The smell of the flowers she held in her hand,

and the pollen that fell from her finger tips.

And suddenly Hades was only a man,

with a taste of nectar upon his lips."

"Epic, Pt. 2" Hadestown.

The swordsman wondered if the girl would visit the shrine today. The nice weather had encouraged dozens of pilgrims from all the nearby villages to come admire the flowering fruit trees on the shrine's grounds and taste the wine that the priests had brewed from last year's cherries and plums. And to flirt, of course. Blossom season was the time for flirtation and matchmaking and pilgrimages provided plenty of opportunities for romance to bloom. Would the girl be among the young women lighting incense on the altar to Ōkuninushi or buying amulets of Benten in hopes of finding a husband or lover?

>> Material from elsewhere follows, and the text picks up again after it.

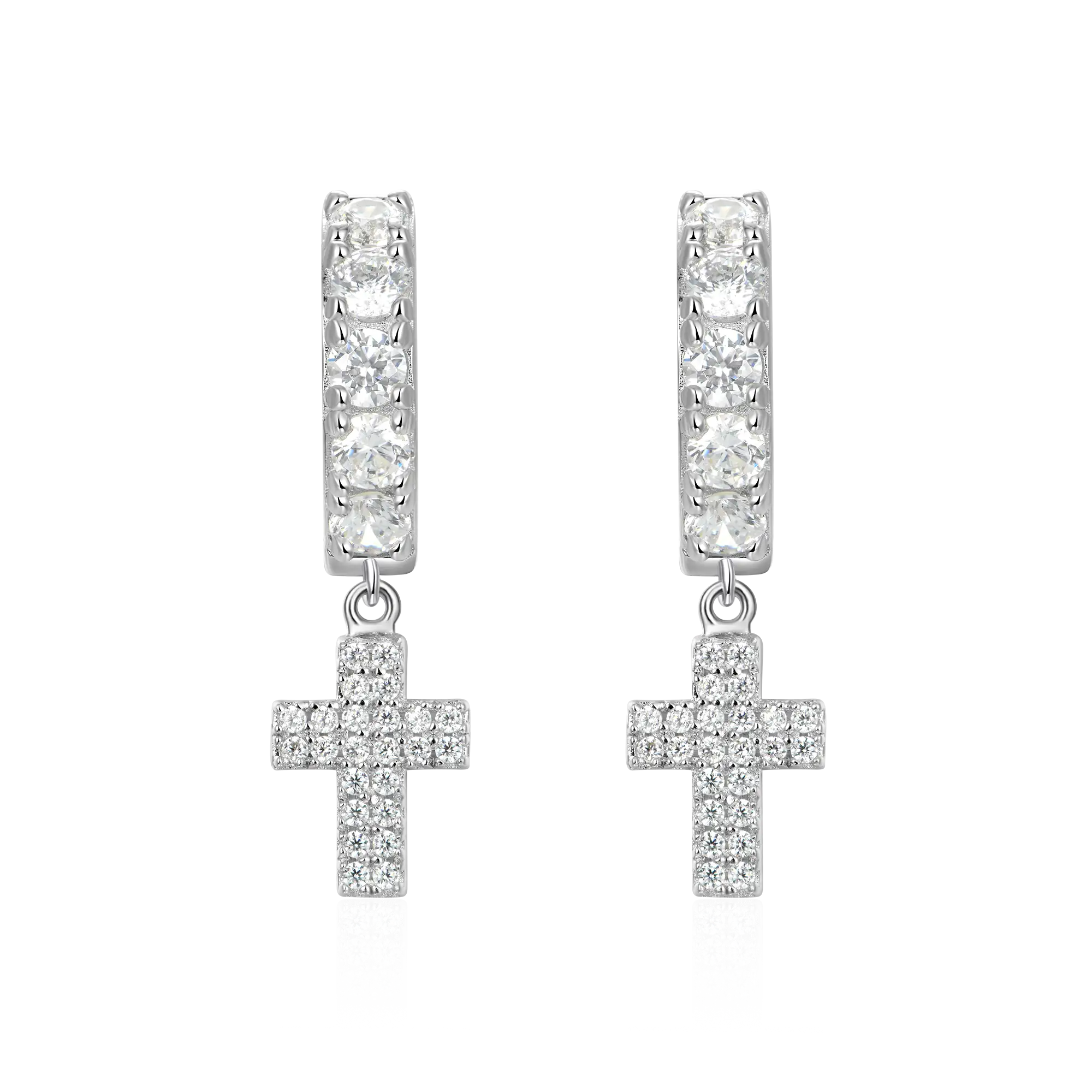 Crossanite Cross Boucle d'oreille dangereuse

Not that she would need a kami's help to find one. The swordsman was certainly not the only man who noticed her when she entered through the shrine's torii gates, breathless from a long journey on foot.

The girl pulled a handkerchief from her sleeve and mopped the perspiration from her brow. A bead of sweat rolled down her blooming cheek and down her snowy-white neck before disappearing underneath the neckline of her kimono. She took a long drink from her bamboo bottle, water dribbling onto her bosom.

The swordsman's lips curled into a smile. His pulse quickened and his blood boiled. Would she strip off her wet garments and let him see what was underneath? Oh what would it be like to take her into his arms and press that soft young body to his own? To lay her down in the grass and make her his as cherry blossom petals fell like snow around them.

He splashed his face with water from the shrine's purification spring to banish these lustful thoughts. An honorable man shouldn't ogle respectable young women as if they were prostitutes displayed behind bars in the pleasure district.

And wasn't he supposed to be hopelessly in love with another woman? The woman whose betrayal was said to have turned him into a bloodthirsty monster. If the swordsman was being honest, he rarely thought about Tomoe anymore and he'd never seen the point of fighting to take back a lady who'd left him for another man. But he'd waded into an ocean of blood nonetheless.

Lusting after this girl in front of him made him feel like a man rather than a demon. Promising himself that he would have her someday kept him sane.